**What needs to be done**
Look through the data below and extract, unchanged, the lines from the one that contains "Hey everyone, it's" to the one that contains "Experimenting with Art", both included.

**Supplied data**

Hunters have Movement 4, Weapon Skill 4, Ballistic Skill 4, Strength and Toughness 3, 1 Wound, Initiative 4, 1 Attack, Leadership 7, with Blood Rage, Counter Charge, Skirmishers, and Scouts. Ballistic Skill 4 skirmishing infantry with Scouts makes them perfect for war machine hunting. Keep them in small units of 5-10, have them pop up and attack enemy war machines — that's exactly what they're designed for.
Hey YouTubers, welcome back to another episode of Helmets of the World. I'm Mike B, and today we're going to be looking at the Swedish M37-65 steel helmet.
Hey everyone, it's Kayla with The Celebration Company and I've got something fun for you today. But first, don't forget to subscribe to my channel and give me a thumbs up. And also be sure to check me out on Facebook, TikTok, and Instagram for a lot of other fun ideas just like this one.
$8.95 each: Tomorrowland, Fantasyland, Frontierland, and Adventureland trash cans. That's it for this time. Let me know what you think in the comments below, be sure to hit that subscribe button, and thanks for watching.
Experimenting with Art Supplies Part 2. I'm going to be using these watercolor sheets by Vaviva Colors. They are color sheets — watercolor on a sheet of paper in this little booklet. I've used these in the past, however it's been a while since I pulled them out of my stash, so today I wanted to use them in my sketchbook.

* * *

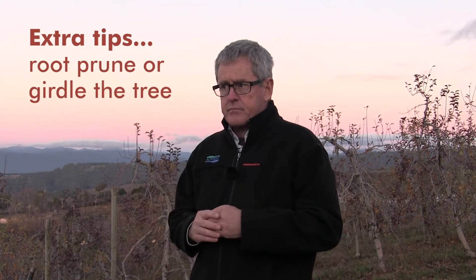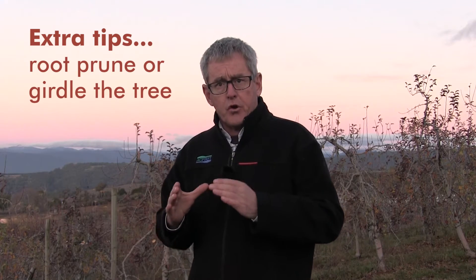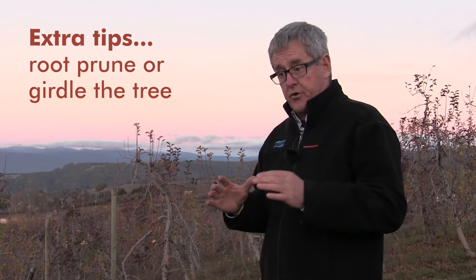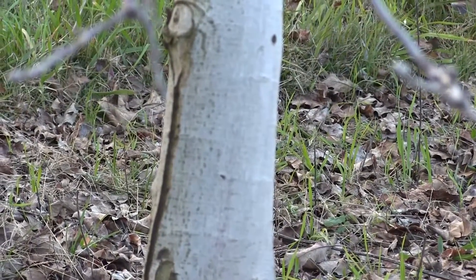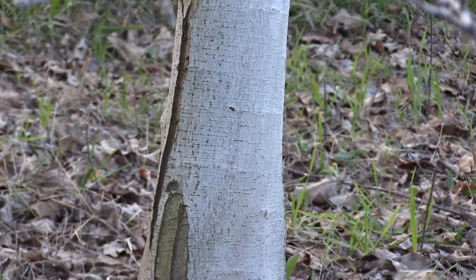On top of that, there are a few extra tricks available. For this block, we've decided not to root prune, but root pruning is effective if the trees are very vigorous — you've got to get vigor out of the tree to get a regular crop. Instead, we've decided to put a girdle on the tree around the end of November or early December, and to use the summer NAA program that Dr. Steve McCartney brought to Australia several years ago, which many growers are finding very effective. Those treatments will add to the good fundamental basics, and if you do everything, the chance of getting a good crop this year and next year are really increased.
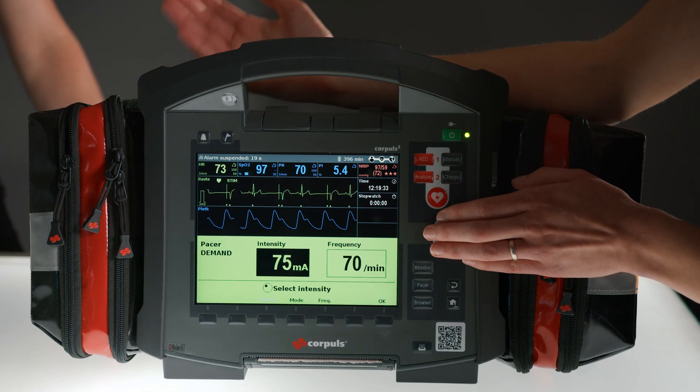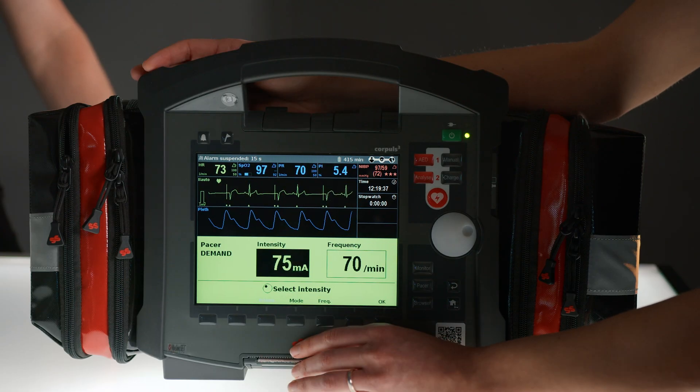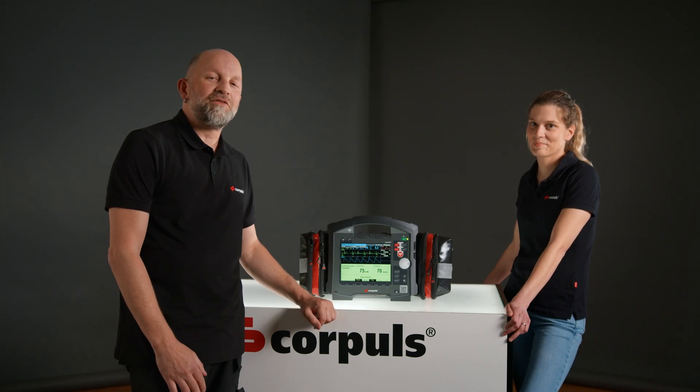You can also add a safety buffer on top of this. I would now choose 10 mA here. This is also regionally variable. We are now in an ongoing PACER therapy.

**Exercise output**
Hey everyone, it's Kayla with The Celebration Company and I've got something fun for you today. But first, don't forget to subscribe to my channel and give me a thumbs up. And also be sure to check me out on Facebook, TikTok, and Instagram for a lot of other fun ideas just like this one.
$8.95 each: Tomorrowland, Fantasyland, Frontierland, and Adventureland trash cans. That's it for this time. Let me know what you think in the comments below, be sure to hit that subscribe button, and thanks for watching.
Experimenting with Art Supplies Part 2. I'm going to be using these watercolor sheets by Vaviva Colors. They are color sheets — watercolor on a sheet of paper in this little booklet. I've used these in the past, however it's been a while since I pulled them out of my stash, so today I wanted to use them in my sketchbook.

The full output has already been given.